The post-1964 discussion focused on what sort of constitution the country should adopt, Islamic or secular? The constitution committees of the first and second constituent assemblies dealt intensively with that issue.
The right-wing parties traditionally adhere to the Islamic constitution option, in opposition to the secular camp, which has been associated with modern forces and urban elites and a better-educated population led by leftist intellectuals. The decision to dissolve the Communist Party and expel its deputies from parliament in November 1965 can be understood as an expression of the Islamists’ growing power. They aimed to diminish the influence of the Communist Party and other modernist forces that emerged strongly after the October 1964 revolt, backed by professionals and educated people who had gained representation through graduate constituencies – created in response to demand for more representation for people with secondary education.

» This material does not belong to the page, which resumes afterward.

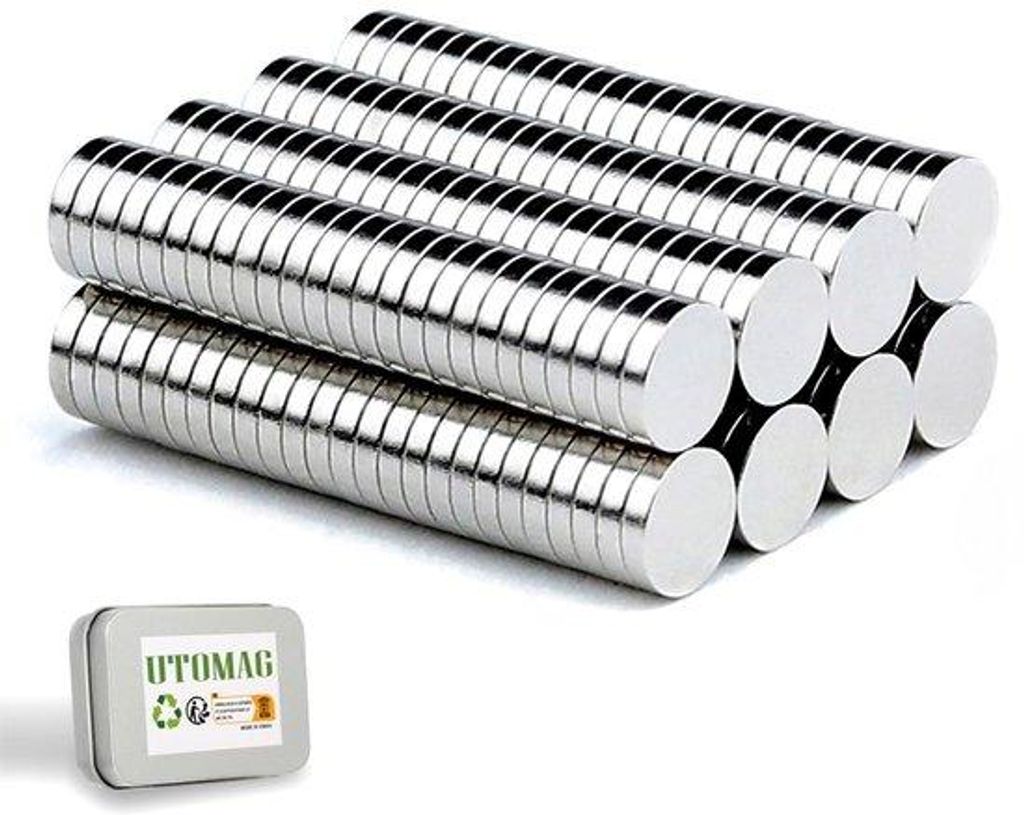 100 Stück kleine runde neodymium-Magnete 8 x 1 mm, extra stark, für Küche, Kantine, Schule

The parliament decided to abolish these special constituencies in 1968. The advocates for an Islamic constitution were also those who had rejected a federal system for the south, which had been promised at the declaration of independence. They belonged to the political parties who preferred a centralized rather than a decentralized system and a presidential system with extensive powers for the president and limited powers for a prime minister, rather than a parliamentary system.

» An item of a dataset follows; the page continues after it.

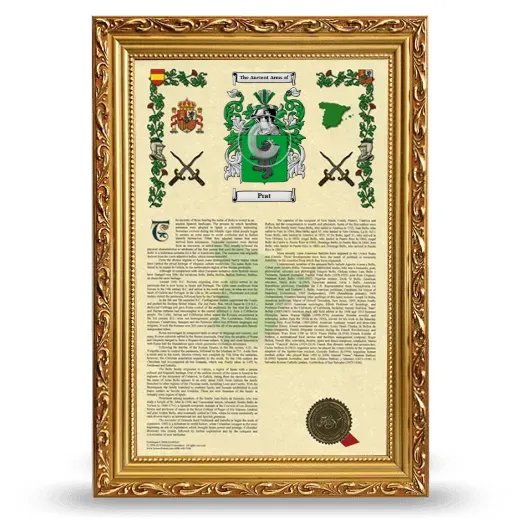 Prat Armorial History Framed - Gold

On 25 May 1969, Colonel Gaafar Numeri led a coup against the supporters of an Islamic constitution. The country entered a new era, and the regime issued its own secular constitution, which restricted freedoms and political action under a one-party system. In 1983, however, Numeri turned his back on secularism, announcing “the application of Islamic Sharia laws” and began to impose harsh Islamic penalties. These laws threatened national unity; civil war broke out again in the south in 1983. Numeri was overthrown in April 1985 by a popular uprising supported by the army. The democratically elected government of Sadiq al-Mahdi endeavored to reach a peace agreement with the rebels in the south. Still, those efforts were halted by the Islamist military coup in June 1989. Since then, Omer al-Bashir has ruled the country in coalition with various Islamist groups.

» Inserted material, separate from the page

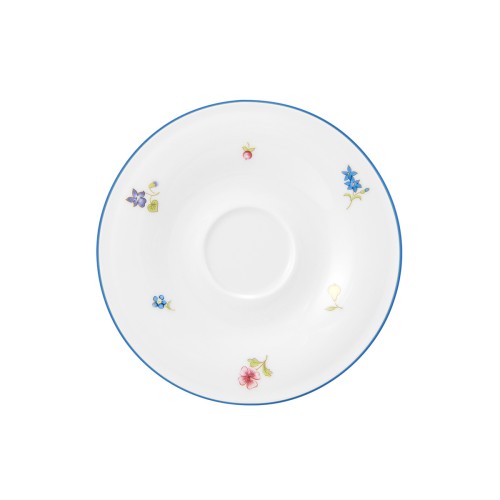 Seltmann Untere zur Moccatasse 13,5 cm, rund, Form: Community, Dekor: 57390 Streublume blaue Linie, hohe Kantenschlagfestigkeit, Made in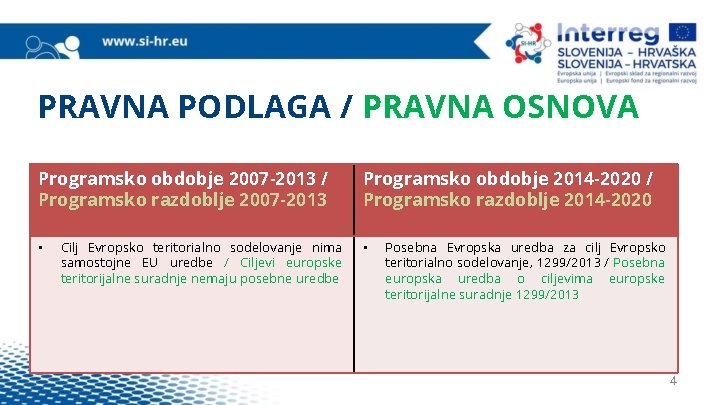 PRAVNA PODLAGA / PRAVNA OSNOVA Programsko obdobje 2007 -2013 / Programsko razdoblje 2007 -2013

Executive power consists, at the national level, of the president and the Council of Ministers. On the state level, the executive branch consists of governors and state councils of ministers and other appointed officials at the national and state levels.
The executive power in a presidential system is vested in the president; the Council of Ministers assists the president in executive matters but does not share power with the president. The present amended Interim Constitution of 2015 makes Sudan a federal presidential state. Nine constitutions had governed Sudan since the independence in 1956. The protracted political instability had made it difficult for the various political parties and ethnic groups to agree on a permanent constitution.
The present (interim) constitution gives the president broad powers. Article 58 states that the president is the head of state and the head of the government and represents the people’s will and the power of the state. The president safeguards and protects the country’s security and safety, supervises the constitutional institutions, guides foreign policy, represents the state in foreign relations, appoints ambassadors, endorses the credentials of foreign ambassadors, ratifies international treaties and agreements (with the consent of the national legislative body), appoints persons to be constitutional and judicial offices, heads the sessions of the Council of Ministers, calls, postpones, or ends national legislative sessions, declares war following the provisions of the constitution and the law, declares and ends states of emergency following the provisions of the constitution and the law, initiates constitutional amendments and legislation, approves laws, ratifies death sentences, grants amnesty, and remits convictions and commutes sentences by the provisions of the constitution and the law. The vice president shares with the president the responsibility for declaring war and the proclamation of the end of states of emergency.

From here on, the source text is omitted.